Beat Dissected is a regular series in which we deconstruct drum patterns, showing you how to program them in any DAW. Just copy our grid in your own software to recreate the loop.
Here’s the beat we’re building today:
For the kick we’ve chosen a 909-based sample. In this case the basic 909 hit is layered with some percussion parts to add character. We’ve used shaker and maraca sounds but you can experiment with any type of percussion as well as closed hi-hat sounds to give the 909 a distinctive flavour. A very gently hit of tape saturation completes the sound.
The kick pattern is fairly complex (although it’ll make much more sense in the next step, when we add the snare hits). There’s a hit on the first beat of each bar, but the other three hits are off the beat. Note that some of the hits are triggered at a lower velocity. These aren’t quite ghost hits, but the velocity variation emphasises the groove of the beat.
The snare sound is based on an Alesis DM5 hit which has been layered with another snare sample from a Roland JD-990 expansion card. An Alesis HR-16 clap has been tucked underneath at a low level just to add a little extra character. We’ve pitched the hits to work together and shortened the release, then added a sample of vinyl dust for some extra character and grit. The EQ on the snare layers cuts off the snare layers, then we’ve added some subtle compression and room reverb for depth.
The snare is a simple pattern on the second and fourth beat of each bar, with an added ghost hit right at the end of the bar. Note how the snares play around the kick drums.

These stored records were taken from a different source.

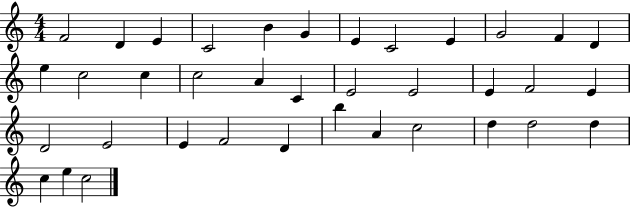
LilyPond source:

{
  \clef treble
  \numericTimeSignature
  \time 4/4
  \key c \major
  f'2 d'4 e'4 | c'2 b'4 g'4 | e'4 c'2 e'4 | g'2 f'4 d'4 | \break e''4 c''2 c''4 | c''2 a'4 c'4 | e'2 e'2 | e'4 f'2 e'4 | \break d'2 e'2 | e'4 f'2 d'4 | b''4 a'4 c''2 | d''4 d''2 d''4 | \break c''4 e''4 c''2 | \bar "|."
}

For the hat pattern we’ve created our own sound based on a 909 hit but with an added stereo effect by panning one copy of the sample to the left and one to the right. The key to making the combined hat sound wide is to alter the start times of the two hats in relation to each other, and to add variation to the pitch and amp envelopes. One hat was was pitched down 5 steps and the other 4. Reverb was added for extra character, as shown.

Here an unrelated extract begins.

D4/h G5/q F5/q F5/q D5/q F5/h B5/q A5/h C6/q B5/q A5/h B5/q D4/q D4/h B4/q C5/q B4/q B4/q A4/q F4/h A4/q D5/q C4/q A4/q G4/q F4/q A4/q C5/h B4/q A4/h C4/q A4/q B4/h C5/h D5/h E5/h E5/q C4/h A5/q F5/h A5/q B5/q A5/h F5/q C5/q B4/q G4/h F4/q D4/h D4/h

The hat pattern again fills some of the gaps left by the kick and snare, with extensive use of ghost hits for groove.
Our shaker part uses a similar approach to the hats, spreading the stereo image using two copies of the same sample (in this case a live shaker sample). Any kind of shaker or similar percussion sound can work for this pattern. We’ve mixed it relatively quietly to avoid dominating the groove.

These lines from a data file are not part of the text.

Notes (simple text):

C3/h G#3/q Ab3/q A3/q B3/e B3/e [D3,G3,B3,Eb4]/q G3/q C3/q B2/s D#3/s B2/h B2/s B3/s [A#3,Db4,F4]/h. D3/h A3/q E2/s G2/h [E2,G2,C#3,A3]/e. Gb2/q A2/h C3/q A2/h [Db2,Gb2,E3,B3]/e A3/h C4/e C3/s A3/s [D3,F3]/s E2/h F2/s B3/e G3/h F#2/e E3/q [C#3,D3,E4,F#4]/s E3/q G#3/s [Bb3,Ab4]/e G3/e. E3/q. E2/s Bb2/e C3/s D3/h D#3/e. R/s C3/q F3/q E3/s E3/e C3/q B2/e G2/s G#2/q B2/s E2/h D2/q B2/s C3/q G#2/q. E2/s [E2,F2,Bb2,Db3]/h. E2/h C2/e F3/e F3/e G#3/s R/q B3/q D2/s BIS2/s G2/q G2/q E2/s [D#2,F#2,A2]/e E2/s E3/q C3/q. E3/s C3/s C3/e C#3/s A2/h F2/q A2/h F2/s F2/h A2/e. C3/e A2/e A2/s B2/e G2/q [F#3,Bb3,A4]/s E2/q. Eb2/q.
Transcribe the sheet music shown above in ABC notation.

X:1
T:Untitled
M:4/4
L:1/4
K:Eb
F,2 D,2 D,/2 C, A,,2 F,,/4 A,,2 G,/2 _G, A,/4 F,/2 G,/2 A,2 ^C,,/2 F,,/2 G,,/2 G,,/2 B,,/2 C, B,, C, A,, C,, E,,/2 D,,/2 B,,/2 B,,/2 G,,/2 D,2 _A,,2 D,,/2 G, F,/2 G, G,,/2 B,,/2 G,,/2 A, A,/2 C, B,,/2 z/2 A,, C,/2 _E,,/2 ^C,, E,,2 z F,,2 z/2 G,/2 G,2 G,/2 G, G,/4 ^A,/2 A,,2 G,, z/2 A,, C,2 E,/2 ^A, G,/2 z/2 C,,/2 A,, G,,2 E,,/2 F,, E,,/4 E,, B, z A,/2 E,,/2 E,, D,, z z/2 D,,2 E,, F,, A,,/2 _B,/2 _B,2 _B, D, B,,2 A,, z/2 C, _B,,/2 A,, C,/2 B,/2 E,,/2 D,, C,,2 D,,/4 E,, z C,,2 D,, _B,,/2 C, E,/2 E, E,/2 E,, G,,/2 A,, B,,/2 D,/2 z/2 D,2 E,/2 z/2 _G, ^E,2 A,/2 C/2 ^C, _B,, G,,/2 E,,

For extra character, we’ve added a snap sample, mirroring the snare on the second and fourth hits of each bar. The reason we’ve chosen to program this as a separate hit rather than layering it with the snare is so that we can vary the patterns slightly. In this case we’re not mirroring the ghost hit at the end of the bar, but you could also use the snap to add extra ghost hits around the existing snares.
Our sample here comes from an Alesis D4. We’ve pitched it up one step and tightened up the release. Just as with the snare we’ve added a slight hint of room reverb.
For the last step, we’ve grabbed a vocal shout from a vocal recording session. A lot of sample library companies have releases dedicated to vocals and vocal snippets, so finding one to fit this kind of beat is just about choosing the right type of sound and the proper editing/processing.
The pattern is very simple, but pay close attention to the tuning of the vocal snippet; if your sample has a distinct pitch, you’ll need to make sure it’s in tune with the other melodic elements of your track.